They arent in the same solar system of evil as Microsoft in the 90s. They'd need to stifle competition through illegal methods... get some perspective and make your claim AFTER they get sued by the government and are found guilty and criminal.
Re:As an Apple hater, I disagree. (Score:5, Informative)
That's not true at all. The standard com.apple.security.files.user-selected.read-write entitlements can handle that very easily. All you have to do is use a standard open dialog to let the user choose a folder, and then write arbitrary crap into that folder or any subfolder within it. Then, save a security-scoped bookmark to that folder if you need to retain access to that folder on future launches. Where things get awkward with that arrangement is when the user copies those files to another machine or restores from a backup. At that point, you'll have to ask the user to open the folder containing the file "foo.wav" or whatever. Then, you can scour the files in there, create security-scoped bookmarks for all of them, and repeat for any other folders full of files.

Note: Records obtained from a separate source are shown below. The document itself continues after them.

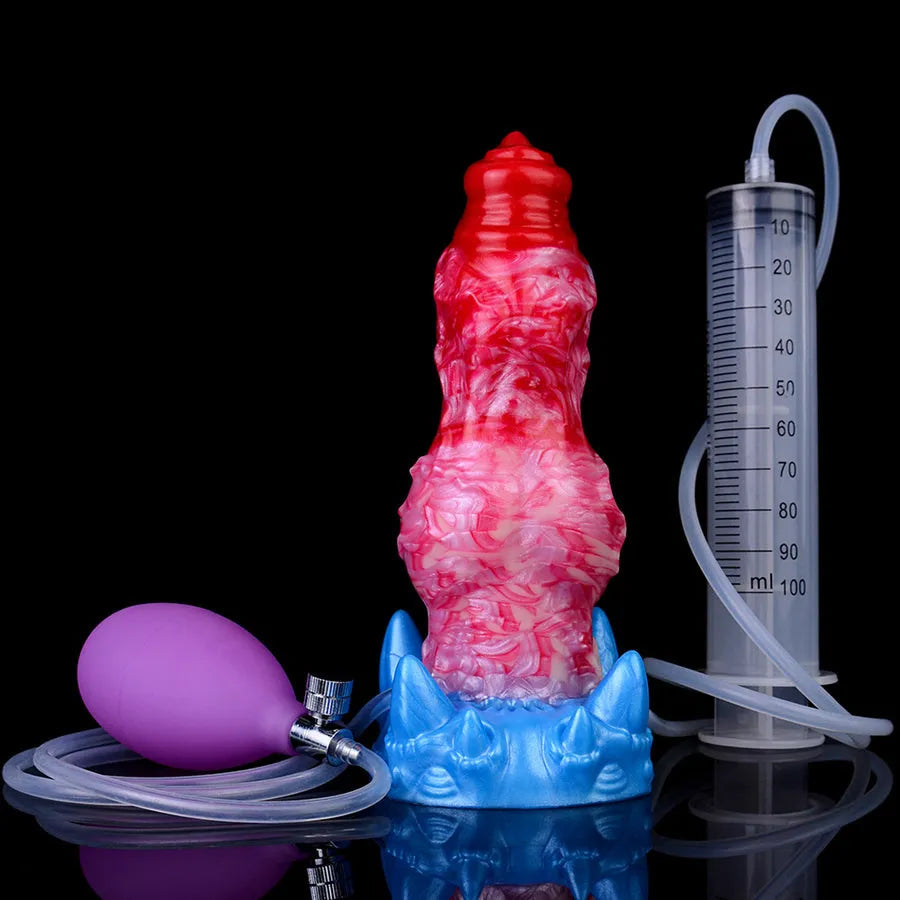 19,2 Cm Rouge Fantasy Gode Chien Gonflable Éjaculateur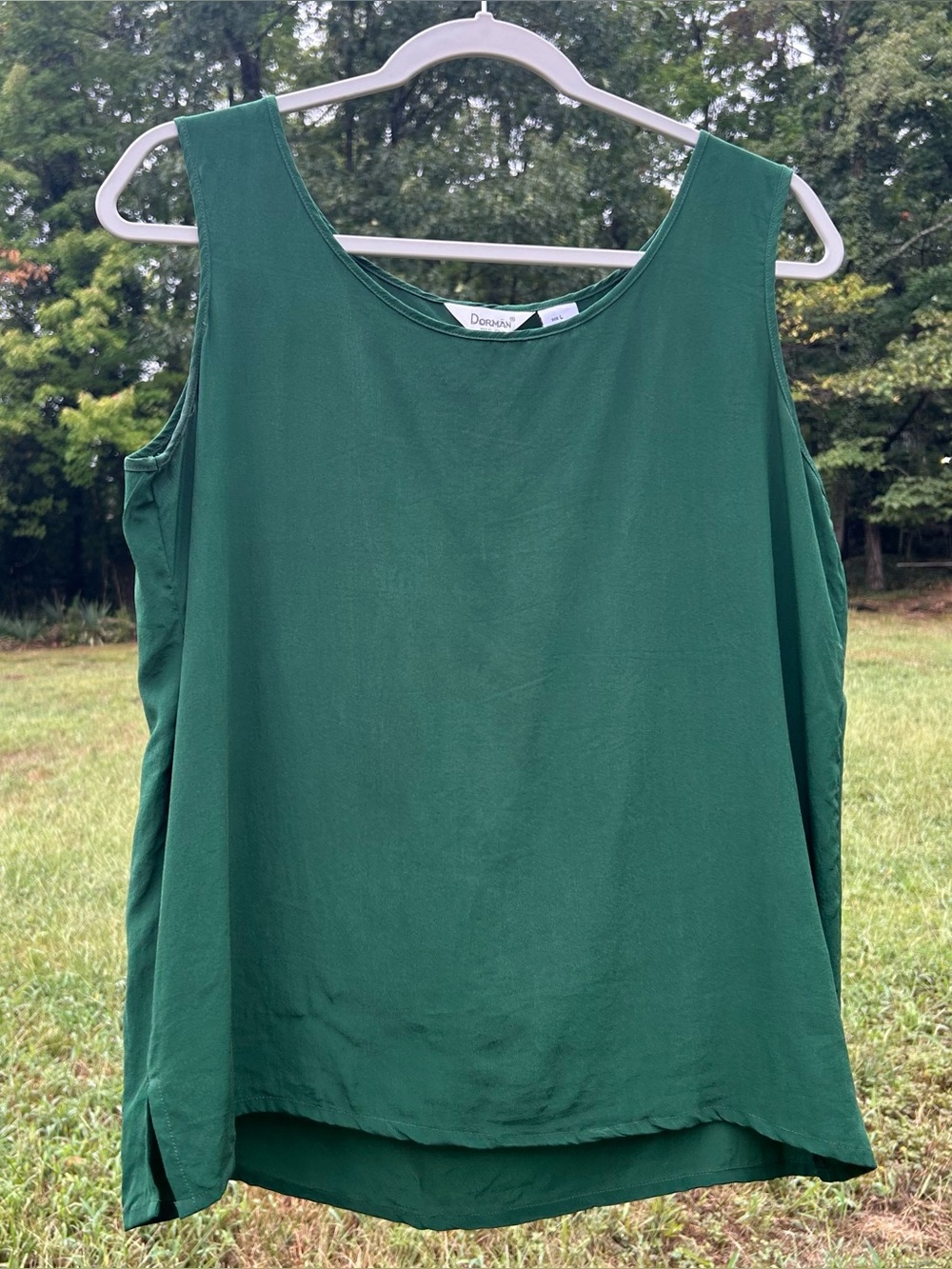 Vintage 100% silk emerald green tank office siren old money size L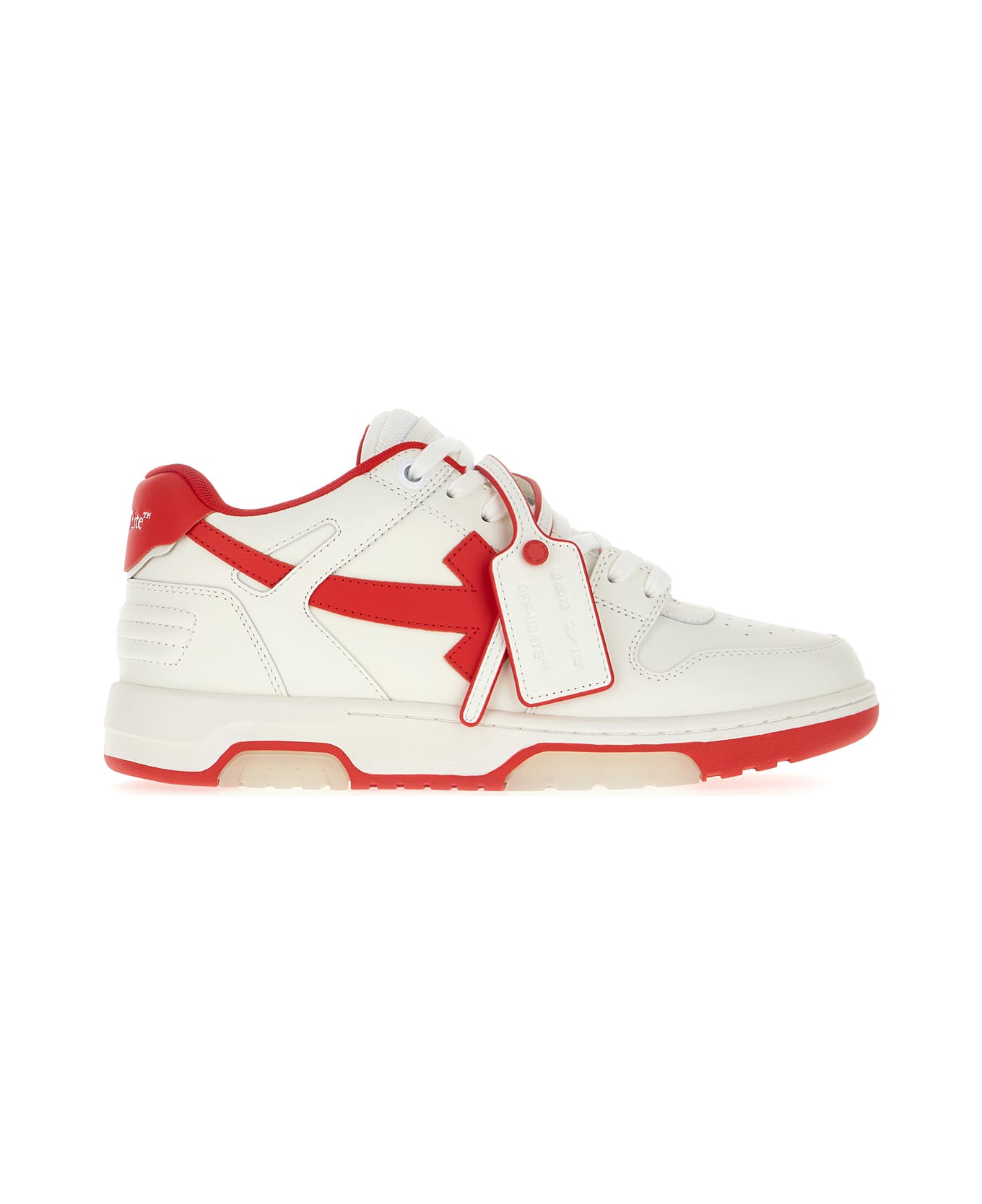 Off-White Two-tone Leather And Polyester Out Off Office Sneakers - WHITE RED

A much better solution for that problem is to store each project in a self-contained bundle (a folder with an extension, e.g. a .rtfd file, as supported by TextEdit). If you do that, everything just magically works, because instead of opening a project file, the user is opening a folder that contains everything related to a given project. For obvious reasons, that approach is strongly recommended unless you absolutely have to reference files outside of the project for some reason.
That isn't allowed because you aren't allowed to see other apps' windows. It would be a fairly serious security violation if an app could take pictures of other apps that are running and then mail them to the app developer. The same goes for log files that contain data from other applications, preferences files written by other applications, etc. However, there is no reason you can't capture an image of each of your own windows, store a copy of your own log messages in your own file, or send your own preferences file.
Re:As an Apple hater, I disagree. (Score:5, Informative)
It's actually pretty straightforward. The UNIX security model sucks. It assumes that attacks come from the outside, and is designed to protect the user from other users on the same system. In the UNIX model, everything run by a particular user has the same rights as the user. In practice, that just isn't a viable security model anymore.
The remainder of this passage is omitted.